Shrinkflation is held up as one example of how powerful companies gouge consumers and drive up unit prices. “Shrinkflation is late‐​stage ‘greedflation’—when you’ve maxed out on price hikes and consumers can’t handle more,” says Lindsay Owens, executive director of the Groundwork Collaborative, a progressive group. “It’s much more deceptive than simply raising prices.”

We’ve previously explained that any recent shrinkflation—where firms reduce product size or quantity while keeping package prices the same—is just one response to broader inflationary pressures. It’s a business decision to downsize products in a world where the growth of total spending in the economy is faster than the growth of total production, so increasing unit prices.

More recently, however, the Bureau of Labor Statistics has released data that lets us examine how widespread shrinkflation really is and which products it affects within the Consumer Price Index. This data shows that shrinkflation hasn’t significantly contributed to recent inflation, let alone driven it, and that it was a normal business practice used even prior to the pandemic.

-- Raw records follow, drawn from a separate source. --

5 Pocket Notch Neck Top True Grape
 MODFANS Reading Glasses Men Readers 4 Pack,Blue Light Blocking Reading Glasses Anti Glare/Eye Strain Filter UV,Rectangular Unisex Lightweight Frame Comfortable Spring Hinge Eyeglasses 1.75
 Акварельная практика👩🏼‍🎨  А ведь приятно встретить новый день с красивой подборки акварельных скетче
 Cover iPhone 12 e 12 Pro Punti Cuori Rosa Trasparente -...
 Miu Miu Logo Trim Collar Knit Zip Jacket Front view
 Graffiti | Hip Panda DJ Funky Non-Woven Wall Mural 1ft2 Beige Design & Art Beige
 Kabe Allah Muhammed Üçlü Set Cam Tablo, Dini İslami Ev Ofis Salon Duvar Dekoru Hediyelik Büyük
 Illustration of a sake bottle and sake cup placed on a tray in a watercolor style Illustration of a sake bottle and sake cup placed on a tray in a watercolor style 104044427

Downsizing Is No More Prevalent Today Than Pre‐​Pandemic

Figure 1 shows the frequency of product items within the Consumer Price Index being resized each month. It reveals that the number of product items shrinking hasn’t increased recently compared to the past. In fact, the frequency of downsizing in 2022 and 2023 is similar to 2018 and 2019 levels, and much lower than in 2015 and 2016. What’s actually declined since 2020 is the number of products being upsized—where the quantity or weight increases for the same price of a package.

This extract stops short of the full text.